Redistribution and use in source and binary forms, with or without modification, are permitted provided that the following conditions are met:

  • Redistributions of source code must retain the above copyright notice, this list of conditions and the following disclaimer.
  • Redistributions in binary form must reproduce the above copyright notice, this list of conditions and the following disclaimer in the documentation and/or other materials provided with the distribution.
  • Neither the name of the copyright holder nor the names of its contributors may be used to endorse or promote products derived from this software without specific prior written permission.
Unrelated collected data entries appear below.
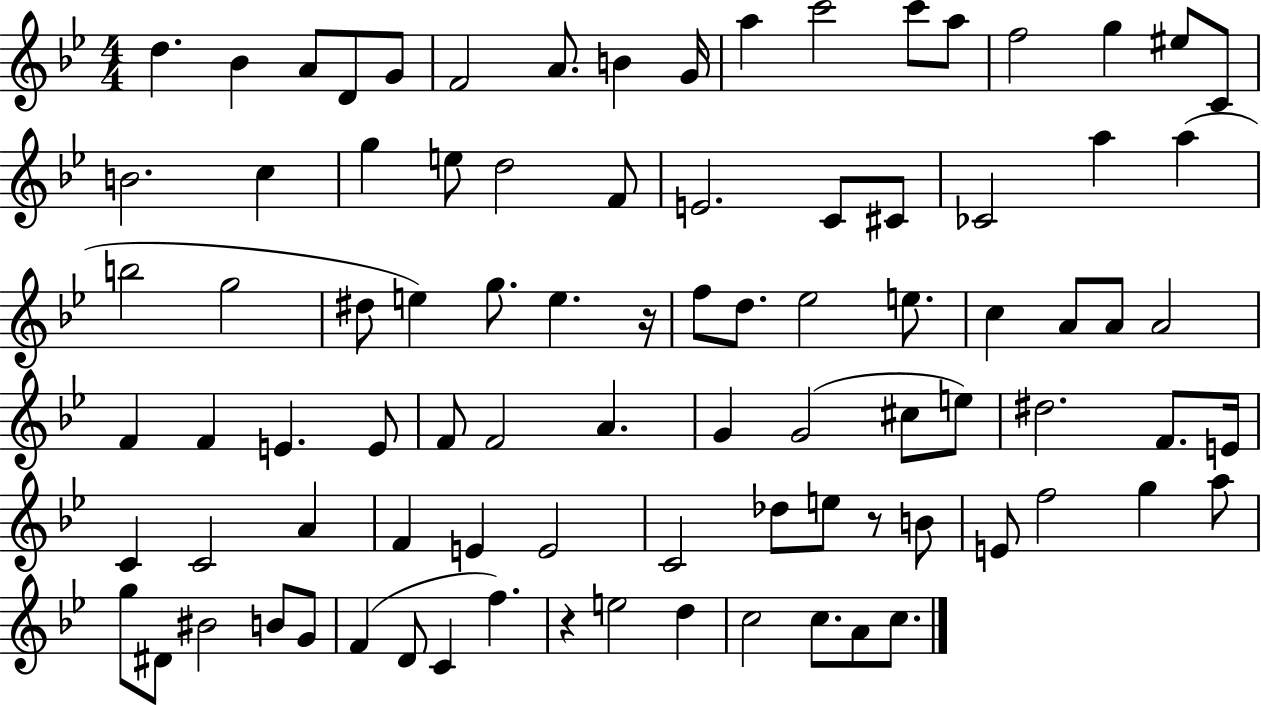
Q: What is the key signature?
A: BES major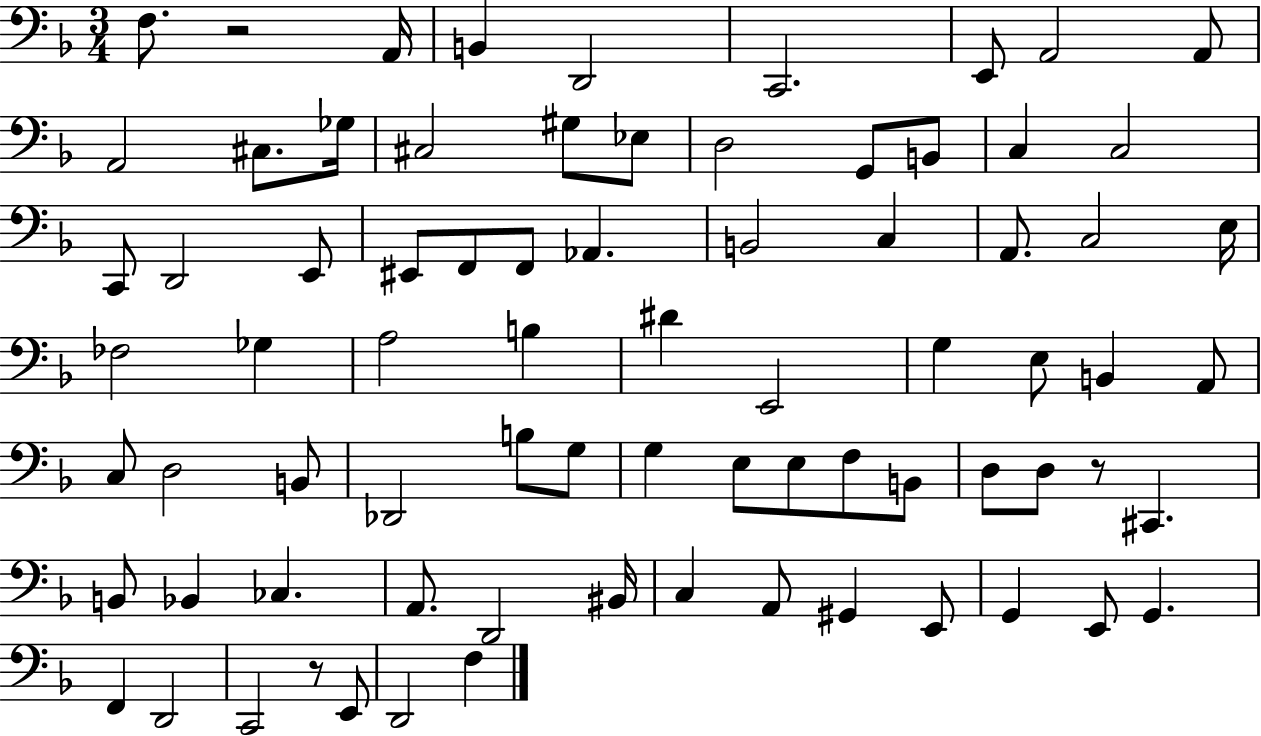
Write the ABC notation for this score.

X:1
T:Untitled
M:3/4
L:1/4
K:F
F,/2 z2 A,,/4 B,, D,,2 C,,2 E,,/2 A,,2 A,,/2 A,,2 ^C,/2 _G,/4 ^C,2 ^G,/2 _E,/2 D,2 G,,/2 B,,/2 C, C,2 C,,/2 D,,2 E,,/2 ^E,,/2 F,,/2 F,,/2 _A,, B,,2 C, A,,/2 C,2 E,/4 _F,2 _G, A,2 B, ^D E,,2 G, E,/2 B,, A,,/2 C,/2 D,2 B,,/2 _D,,2 B,/2 G,/2 G, E,/2 E,/2 F,/2 B,,/2 D,/2 D,/2 z/2 ^C,, B,,/2 _B,, _C, A,,/2 D,,2 ^B,,/4 C, A,,/2 ^G,, E,,/2 G,, E,,/2 G,, F,, D,,2 C,,2 z/2 E,,/2 D,,2 F,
THIS SOFTWARE IS PROVIDED BY THE COPYRIGHT HOLDERS AND CONTRIBUTORS "AS IS" AND ANY EXPRESS OR IMPLIED WARRANTIES, INCLUDING, BUT NOT LIMITED TO, THE IMPLIED WARRANTIES OF MERCHANTABILITY AND FITNESS FOR A PARTICULAR PURPOSE ARE DISCLAIMED. IN NO EVENT SHALL THE COPYRIGHT HOLDER OR CONTRIBUTORS BE LIABLE FOR ANY DIRECT, INDIRECT, INCIDENTAL, SPECIAL, EXEMPLARY, OR CONSEQUENTIAL DAMAGES (INCLUDING, BUT NOT LIMITED TO, PROCUREMENT OF SUBSTITUTE GOODS OR SERVICES; LOSS OF USE, DATA, OR PROFITS; OR BUSINESS INTERRUPTION) HOWEVER CAUSED AND ON ANY THEORY OF LIABILITY, WHETHER IN CONTRACT, STRICT LIABILITY, OR TORT (INCLUDING NEGLIGENCE OR OTHERWISE) ARISING IN ANY WAY OUT OF THE USE OF THIS SOFTWARE, EVEN IF ADVISED OF THE POSSIBILITY OF SUCH DAMAGE.